*TASK DIRECTIONS:*
Output the complete listing exactly, please, and keep the pictures out of it.

*STORED DATA:*
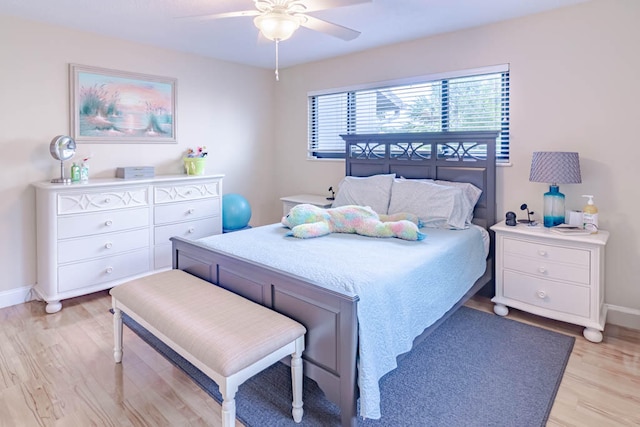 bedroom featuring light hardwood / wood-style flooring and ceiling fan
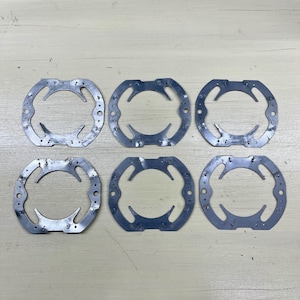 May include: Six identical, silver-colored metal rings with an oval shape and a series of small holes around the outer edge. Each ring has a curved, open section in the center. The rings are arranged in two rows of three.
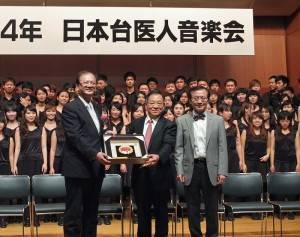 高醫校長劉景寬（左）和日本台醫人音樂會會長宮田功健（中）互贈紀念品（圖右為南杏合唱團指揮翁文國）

*WRITTEN RESPONSE:*
 bedroom featuring light hardwood / wood-style flooring and ceiling fan
 May include: Six identical, silver-colored metal rings with an oval shape and a series of small holes around the outer edge. Each ring has a curved, open section in the center. The rings are arranged in two rows of three.
 高醫校長劉景寬（左）和日本台醫人音樂會會長宮田功健（中）互贈紀念品（圖右為南杏合唱團指揮翁文國）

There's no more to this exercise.